Deane J dissented, holding that it was sufficient if the candidate is qualified at the moment when the result of the poll is declared, by which point Cleary had resigned from his position. Deane was concerned that to require candidates always to be qualified at the point of nomination deters the more than ten per cent (at that time) of the workforce who are employed in the public service of the Commonwealth or a State. He thought that taking leave without pay or other emoluments, intending to resign if electoral success became apparent, is "preferable […] to the rather devious procedure of an ostensible termination of employment" under a guarantee of reinstatement if not elected, as has been established by Commonwealth and State legislation (para. 19).

===Jeannie Ferris (1996)===
During the period between the declaration of her election in March 1996 and taking her seat on 1 July of that year, Jeannie Ferris had been employed by Liberal Party Senator Nick Minchin. It was unclear at the time whether this constituted holding an "office of profit under the Crown" as specified in subsection 44(iv). To avoid the possibility of her election being declared invalid, Ferris resigned from the Senate only to be immediately re-appointed by the Parliament of South Australia to fill the casual vacancy that her resignation had created.

===George Newhouse (2007)===
At the 2007 federal election, it was claimed by the Liberal Party that George Newhouse, the high-profile Australian Labor Party candidate for the seat of Wentworth, was ineligible to stand for parliament under subsection 44(iv). The basis of the claim was that Newhouse had not resigned from the New South Wales Consumer Disputes Tribunal and so was occupying an "office of profit under the Crown". Liberal frontbencher Andrew Robb claimed that a by-election in Wentworth would be necessary if Newhouse were to win the seat, due to his ineligibility. The matter never came to a head, however, as Newhouse was comfortably defeated by the incumbent Liberal Party candidate and federal Minister Malcolm Turnbull.

===Re Nash [No 2] (2017)===
In the course of the 2017 Australian parliamentary eligibility crisis, replacements were appointed on 10 November 2017 to all Senate vacancies resulting from disqualification except the seat that had been occupied by Fiona Nash. The recount had indicated that Hollie Hughes should be declared elected and the Attorney-General had asked the High Court to so declare, but Hughes had then notified the Court that there was now a question over her eligibility.
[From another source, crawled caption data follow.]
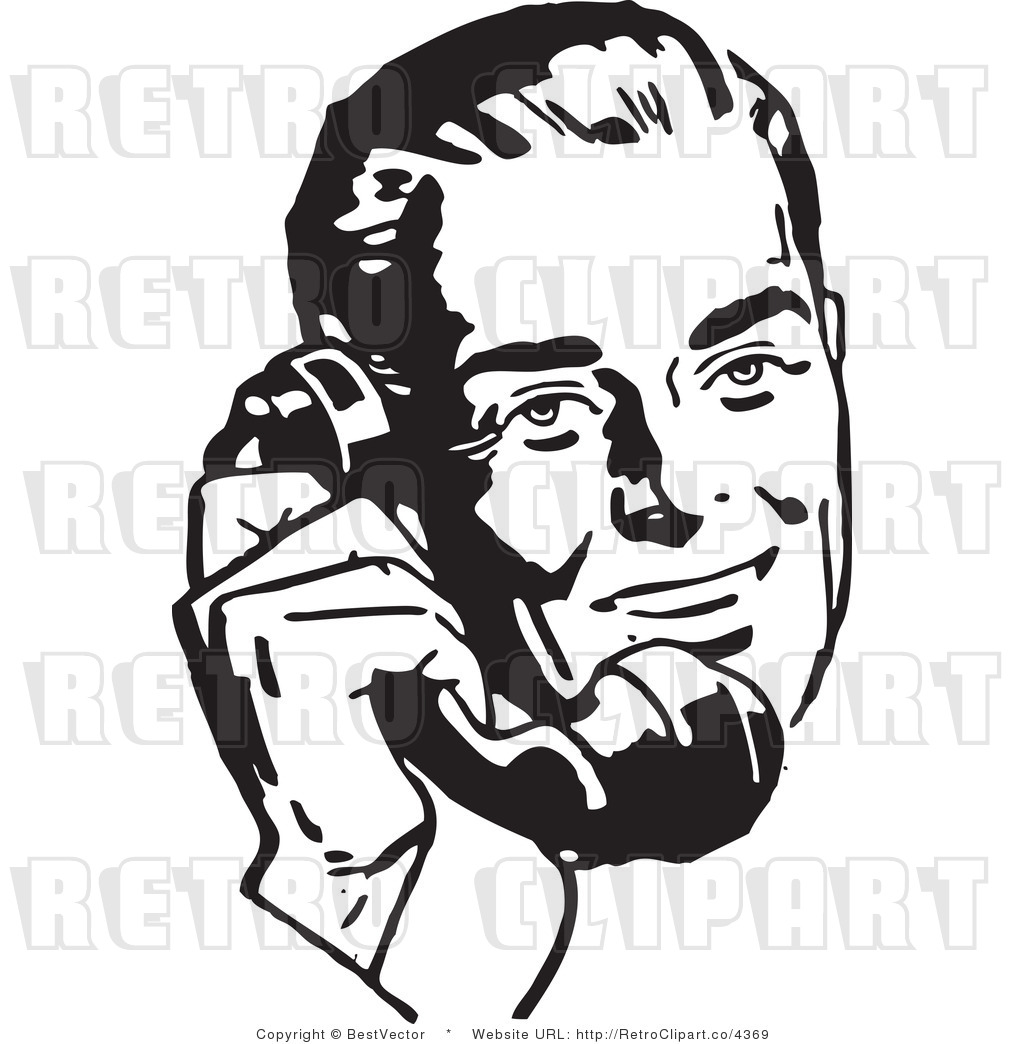 Royalty Free Retro Businessman Using A Phone By Bestvector    4369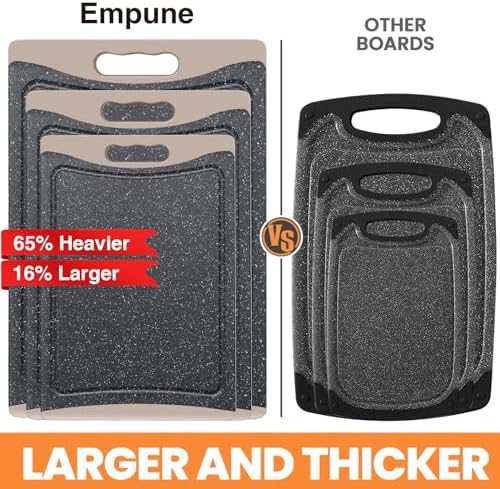 Extra Large Cutting Boards, Plastic Cutting Boards for Kitchen (Set of 3) Cutting Board Set Dishwasher Chopping Board with Juice Grooves Easy-Grip Handles, Almond Gray, Empune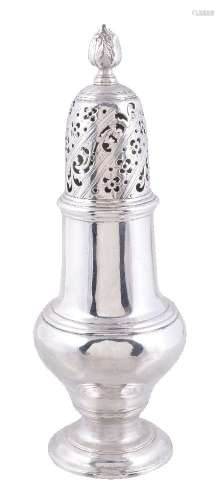 A late George II silver ogee baluster sugar caster by Samuel Wood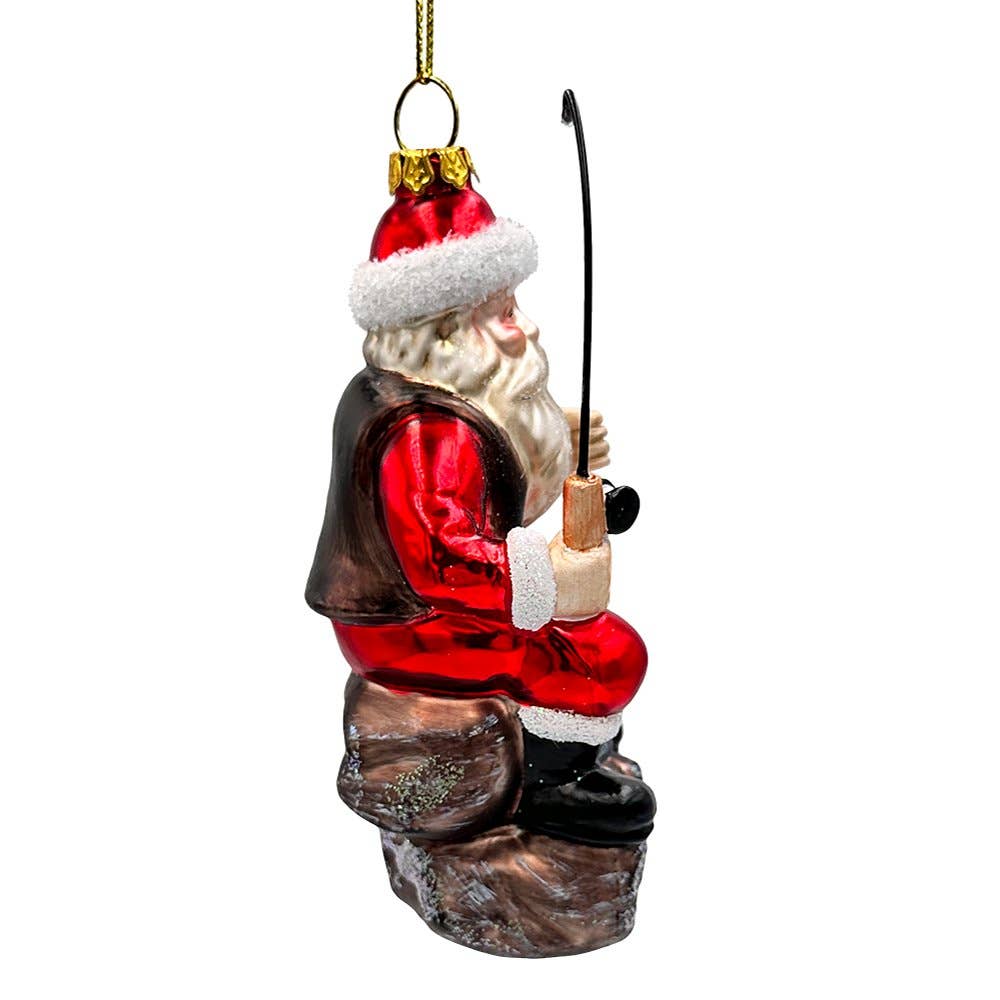 Relaxing Santa Claus Fishing Glass Ornament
After the election, the Attorney-General had appointed defeated candidate Hughes to the federal Administrative Appeals Tribunal; it was not disputed that this was an office of profit under the Crown, which would disqualify Hughes under section 44(iv), and Hughes had resigned from it immediately after the Citizenship Seven decision, hoping that she would then be eligible in the recount. On 15 November the High Court heard submissions on this issue and declared Hughes to be ineligible, reserving its reasons. The reasons were given on 6 December. The Court unanimously found that the words "incapable of being chosen" in section 44 refer to the whole "process of being chosen", the "end-point" of which is a declaration that a candidate has been elected, and no declaration as to this seat had yet been made. A candidate had to be eligible throughout the process; Hughes had been ineligible during part of the process, owing to her tribunal appointment, and therefore could not be declared elected. The recount resumed excluding both Nash and Hughes, electing Jim Molan, the seventh candidate on the Liberals' and Nationals' joint ticket.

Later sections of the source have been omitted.